**Provided records**

+--

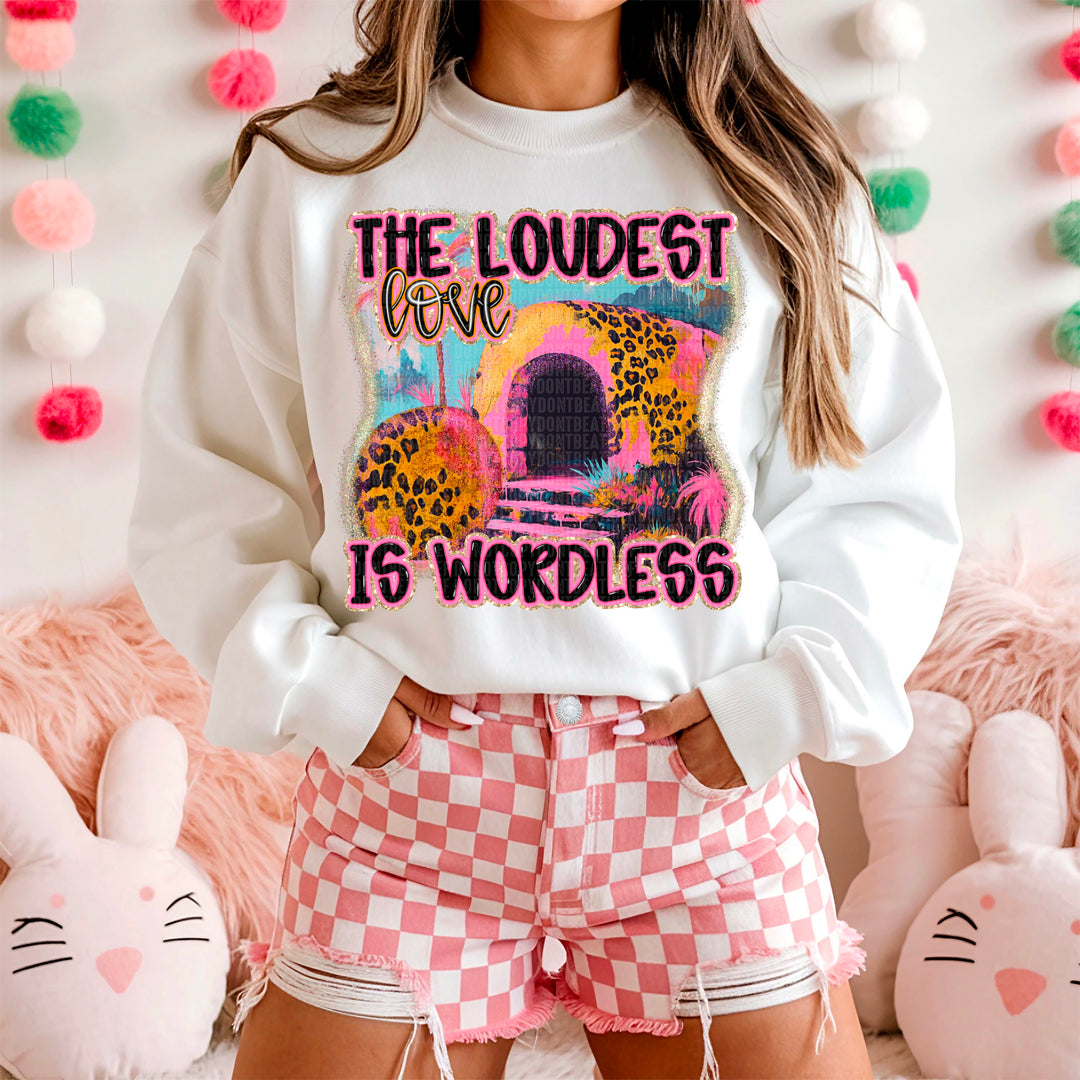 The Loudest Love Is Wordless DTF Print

+--

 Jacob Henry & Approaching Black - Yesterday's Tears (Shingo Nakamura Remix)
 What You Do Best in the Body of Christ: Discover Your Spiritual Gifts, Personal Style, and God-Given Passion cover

+--

Output the material above exactly, but only from the line that carries "Jacob Henry &" through the line that carries "What You Do".

**Answer box**
 Jacob Henry & Approaching Black - Yesterday's Tears (Shingo Nakamura Remix)
 What You Do Best in the Body of Christ: Discover Your Spiritual Gifts, Personal Style, and God-Given Passion cover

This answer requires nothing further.